Rice farmers in Taitung County have begun using scarecrows equipped with solar panels to protect crops from birds after researchers devised the technique as a labor-saving measure.
Researchers at the Taitung District Agricultural Research and Extension Station said the solar-powered scarecrows can make noises that scare away birds without harming the animals.
Farmers normally scare birds off with cans strung together by thread or with firecrackers, but this requires them to wake early and stay out late into the night until the birds leave their fields.
Photo: Chen Hsien-yi, Taipei Times
One farmer surnamed Pa (巴) said he and other farmers had tried different methods of scaring birds away, adding that all of the methods they tried required constant supervision of their fields.
Even with fields being supervised it was common to lose half of a year’s harvest to birds, he said.
Station technical specialist Tseng Hsiang-en (曾祥恩) said the scarecrows are more effective than farmers at scaring birds, because several of them can be used simultaneously to cover a field.
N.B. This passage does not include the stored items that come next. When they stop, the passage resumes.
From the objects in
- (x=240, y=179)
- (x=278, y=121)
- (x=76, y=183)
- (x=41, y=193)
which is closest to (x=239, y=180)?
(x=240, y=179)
The NT$45,000 scarecrows are cheaper than human labor in the long term, Tseng said, adding that a network of scarecrows can be set up easily.
Station director Chen Yu-chu (陳昱初) said the station hopes the scarecrows would give farmers a way to protect their crops.
“One scarecrow can cover 1 hectare of land and can run for several years using ‘renewable’ energy. The other options available are expensive and quickly break down,” Chen said.